Sérgio Amaral apresenta suas credenciais ao presidente Barack Obama na Casa Branca, em 2016, quando assumiu o comando da embaixada brasileira. Permaneceu no cargo até abril. Em entrevista ao UOL ainda quando ocupava o posto diplomático, contou que já tinha tomado a decisão de deixar a embaixada no fim do governo Temer e que considerou natural Bolsonaro querer indicar seu próprio representante para o cargo.

Ichiro Guerra/Folhapress

Disputa EUA x China pode nos favorecer

UOL - Como que o Brasil poderia manter a parceria com a China e com os EUA enquanto as maiores economias do mundo estão nessa disputa comercial. Existe uma forma de a gente não sair prejudicado, ou até mesmo a gente tirar vantagem dessa disputa comercial?
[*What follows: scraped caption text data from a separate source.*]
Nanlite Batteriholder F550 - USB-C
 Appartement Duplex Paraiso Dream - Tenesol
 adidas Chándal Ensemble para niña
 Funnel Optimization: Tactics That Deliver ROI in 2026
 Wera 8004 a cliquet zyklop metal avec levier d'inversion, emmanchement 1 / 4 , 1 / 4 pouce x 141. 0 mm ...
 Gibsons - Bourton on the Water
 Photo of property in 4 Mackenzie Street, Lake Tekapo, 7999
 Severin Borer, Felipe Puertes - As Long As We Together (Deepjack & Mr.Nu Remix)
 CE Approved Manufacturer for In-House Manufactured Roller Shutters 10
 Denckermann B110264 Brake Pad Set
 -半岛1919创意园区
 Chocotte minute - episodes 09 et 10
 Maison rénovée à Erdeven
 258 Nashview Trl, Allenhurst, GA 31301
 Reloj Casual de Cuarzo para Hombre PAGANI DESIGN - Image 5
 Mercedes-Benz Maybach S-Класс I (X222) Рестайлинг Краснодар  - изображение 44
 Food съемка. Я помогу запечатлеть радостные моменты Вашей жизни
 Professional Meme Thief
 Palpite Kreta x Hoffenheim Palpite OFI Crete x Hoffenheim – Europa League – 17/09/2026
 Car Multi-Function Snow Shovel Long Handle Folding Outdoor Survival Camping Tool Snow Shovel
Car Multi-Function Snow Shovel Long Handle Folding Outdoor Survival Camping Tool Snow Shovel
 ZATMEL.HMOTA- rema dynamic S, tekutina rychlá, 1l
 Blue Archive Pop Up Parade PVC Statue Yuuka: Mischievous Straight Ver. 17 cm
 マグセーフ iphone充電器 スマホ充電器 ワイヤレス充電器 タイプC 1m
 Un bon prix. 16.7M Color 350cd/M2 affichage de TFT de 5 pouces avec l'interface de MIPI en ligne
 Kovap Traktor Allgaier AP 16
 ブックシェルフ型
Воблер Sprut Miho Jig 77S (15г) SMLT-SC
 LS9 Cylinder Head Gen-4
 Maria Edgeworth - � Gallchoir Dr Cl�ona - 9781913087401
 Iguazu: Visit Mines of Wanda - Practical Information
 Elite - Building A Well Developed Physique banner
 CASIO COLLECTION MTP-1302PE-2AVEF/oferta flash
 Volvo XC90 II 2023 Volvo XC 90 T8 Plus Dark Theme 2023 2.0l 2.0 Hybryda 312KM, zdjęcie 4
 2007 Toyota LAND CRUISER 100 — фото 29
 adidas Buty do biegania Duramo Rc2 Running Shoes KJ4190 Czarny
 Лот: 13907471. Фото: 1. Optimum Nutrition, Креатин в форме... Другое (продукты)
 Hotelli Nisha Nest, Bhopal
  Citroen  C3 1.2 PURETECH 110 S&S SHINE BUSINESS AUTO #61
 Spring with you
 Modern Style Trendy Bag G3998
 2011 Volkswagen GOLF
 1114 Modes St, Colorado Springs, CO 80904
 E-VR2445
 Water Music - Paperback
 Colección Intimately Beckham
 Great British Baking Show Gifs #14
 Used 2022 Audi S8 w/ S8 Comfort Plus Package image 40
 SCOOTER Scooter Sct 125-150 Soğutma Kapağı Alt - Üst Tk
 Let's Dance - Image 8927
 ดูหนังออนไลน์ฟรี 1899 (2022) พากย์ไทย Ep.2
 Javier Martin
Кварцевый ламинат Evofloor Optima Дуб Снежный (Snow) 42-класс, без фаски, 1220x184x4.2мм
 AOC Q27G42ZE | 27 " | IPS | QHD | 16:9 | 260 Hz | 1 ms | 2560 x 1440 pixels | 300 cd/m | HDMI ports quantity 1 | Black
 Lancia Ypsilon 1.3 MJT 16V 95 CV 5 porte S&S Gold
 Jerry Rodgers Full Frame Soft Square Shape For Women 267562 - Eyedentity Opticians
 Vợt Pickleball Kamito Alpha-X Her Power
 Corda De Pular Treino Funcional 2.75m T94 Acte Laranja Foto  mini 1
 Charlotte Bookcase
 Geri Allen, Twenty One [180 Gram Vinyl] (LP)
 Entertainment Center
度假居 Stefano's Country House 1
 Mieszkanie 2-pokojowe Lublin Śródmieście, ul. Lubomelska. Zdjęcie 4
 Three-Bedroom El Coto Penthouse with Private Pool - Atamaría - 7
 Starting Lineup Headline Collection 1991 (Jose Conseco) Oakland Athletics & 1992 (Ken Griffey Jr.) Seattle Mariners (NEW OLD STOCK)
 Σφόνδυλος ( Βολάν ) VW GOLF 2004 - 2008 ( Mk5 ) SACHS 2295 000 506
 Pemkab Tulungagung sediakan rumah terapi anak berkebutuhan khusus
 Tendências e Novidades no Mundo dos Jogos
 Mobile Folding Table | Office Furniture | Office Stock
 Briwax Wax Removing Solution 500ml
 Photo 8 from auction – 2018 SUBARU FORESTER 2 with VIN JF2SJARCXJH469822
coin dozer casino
Sérgio Amaral - Nós não temos como influir na dinâmica da disputa comercial. Mas o momento poderá nos favorecer ou poderá nos prejudicar. Quando é que a disputa comercial entre EUA e a China nos favorece? Quando os EUA impõem sanções sobre as exportações norte-americanas para a China, e a China, em represália, impõe sanções, sobretudo no setor agrícola norte-americano, que está pagando uma boa parte do custo dessa guerra comercial. Não podendo comprar, como comprava antes, um volume grande de produtos do agronegócio americano, a China passou a comprar do Brasil.

O caso mais notório é o da soja. No ano passado, 86% da soja exportada pelo Brasil foi para a China. Se essa disputa comercial prosseguir, nós continuaremos a ser beneficiados. Se houver um acordo que leve a um desvio do comércio chinês do Brasil de volta para os EUA, nós poderemos ser prejudicados. No caso da carne, por exemplo, não temos como interferir neste processo. Mas, sim, nós temos que manter as boas relações que nós temos e que se ampliaram com os EUA. Mas não precisa ser em detrimento de outros países. Nós podemos também manter relações econômicas e comerciais muito positivas com a China, porque nós temos uma grande complementaridade econômica. E o próprio presidente Bolsonaro diz que o Brasil não vai tomar partido nessa guerra comercial, o que eu achei uma posição muito oportuna. E Bolsonaro vai para a China em outubro.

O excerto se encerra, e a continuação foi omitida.